Mr Connor you appear for sentence upon two guilty verdicts to charges of penetrative sexual abuse of a child and indecent assault.

Your crimes were committed between 1992 and 1994.

I am satisfied that the jury convicted you because they accepted the complainant’s evidence given on the trial, that you entered her bed and began touching her guiding her head towards your penis and placing it in her mouth, and that you subsequently put your hand over her vagina, touching it but not penetrating her. At the time of this offending you had been invited to stay with the complainant’s family with whom you were friendly. The complainant’s mother had permitted you to sleep in a tent on the property on that particular night. The complainant was sleeping in an annexe to the family caravan with a friend. As a friend of the family, you knew the complainant. There had been no relationship between the two of you, nor any previous sexual encounters.

I expressly reject your version of events that the complainant came to you and began engaging in sexually provocative behaviour thereby arousing you in the lead up to the commission of these offences. On the contrary, it seems to me you gave into your youthful sexual urges going to her bed where, as I have said, she was sleeping with her friend. You engaged in touching her followed by the offending I have described. The encounter was a short one, a single episode involving the commission of the two crimes. I noted the presence of her friend and of course that is an aggravating matter for the purposes of sentencing. I cannot be satisfied on the evidence that you ejaculated. The complainant does not describe any such event and was uncertain as to whether that occurred. The evidence of the witness who was with her in the bed was not in my view sufficiently reliable as to that point to enable me to accept it occurred.

Nor am I satisfied on the evidence that it is open to me to find that you were 17 years old when this offending occurred. I intend to sentence you under the terms of the Sentencing Act.

Clearly you were a young man when you committed these offences nearly 30 years ago.  The sentencing principles applicable to youthful offenders have relevance, but taking account of the gravity of your offending, the focus on rehabilitation as a primary sentencing consideration which it ordinarily would be is supplanted: not irrelevant but just one matter to be considered in framing penalty. To characterise the offending of which you were convicted as anything other than serious criminal offending is to ignore the very nature of the conduct involved.

Some 30 years has passed since this offending occurred.
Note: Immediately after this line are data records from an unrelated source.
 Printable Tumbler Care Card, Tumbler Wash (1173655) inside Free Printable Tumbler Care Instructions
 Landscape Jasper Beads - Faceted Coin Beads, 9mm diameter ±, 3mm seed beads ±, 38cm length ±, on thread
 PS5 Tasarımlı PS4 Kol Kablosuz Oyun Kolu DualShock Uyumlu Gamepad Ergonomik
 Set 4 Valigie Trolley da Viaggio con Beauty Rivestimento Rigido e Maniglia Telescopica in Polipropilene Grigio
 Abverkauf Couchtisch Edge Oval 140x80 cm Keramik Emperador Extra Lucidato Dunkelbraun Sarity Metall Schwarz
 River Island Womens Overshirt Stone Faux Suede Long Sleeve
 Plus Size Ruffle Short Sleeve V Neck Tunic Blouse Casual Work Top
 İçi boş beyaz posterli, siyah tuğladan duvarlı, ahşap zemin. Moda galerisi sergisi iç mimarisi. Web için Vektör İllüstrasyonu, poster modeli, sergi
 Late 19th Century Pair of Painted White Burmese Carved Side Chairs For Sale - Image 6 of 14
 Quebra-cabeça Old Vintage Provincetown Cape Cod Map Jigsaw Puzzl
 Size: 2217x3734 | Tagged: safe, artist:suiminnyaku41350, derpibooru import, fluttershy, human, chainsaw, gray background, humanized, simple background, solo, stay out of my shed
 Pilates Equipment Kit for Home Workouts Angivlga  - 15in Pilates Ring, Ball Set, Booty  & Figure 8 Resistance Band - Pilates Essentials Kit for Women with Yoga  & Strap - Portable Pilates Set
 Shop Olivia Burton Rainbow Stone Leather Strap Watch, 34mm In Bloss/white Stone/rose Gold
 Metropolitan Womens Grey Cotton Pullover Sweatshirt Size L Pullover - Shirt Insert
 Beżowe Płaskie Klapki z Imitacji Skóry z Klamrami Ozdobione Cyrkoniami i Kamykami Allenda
The relevance of the passing of time when sentencing someone for offences which occurred many years ago rests substantially upon an offenders capacity to demonstrate that in the intervening period he or she has demonstrated a significant degree of rehabilitation. The capacity to point to a long period without further offending is the obvious way to do that and the way in which Court’s have generally treated this principle and I refer to the decision of The Queen v PJB in Victoria and in particular the judgment of Justice Nettle as he then was.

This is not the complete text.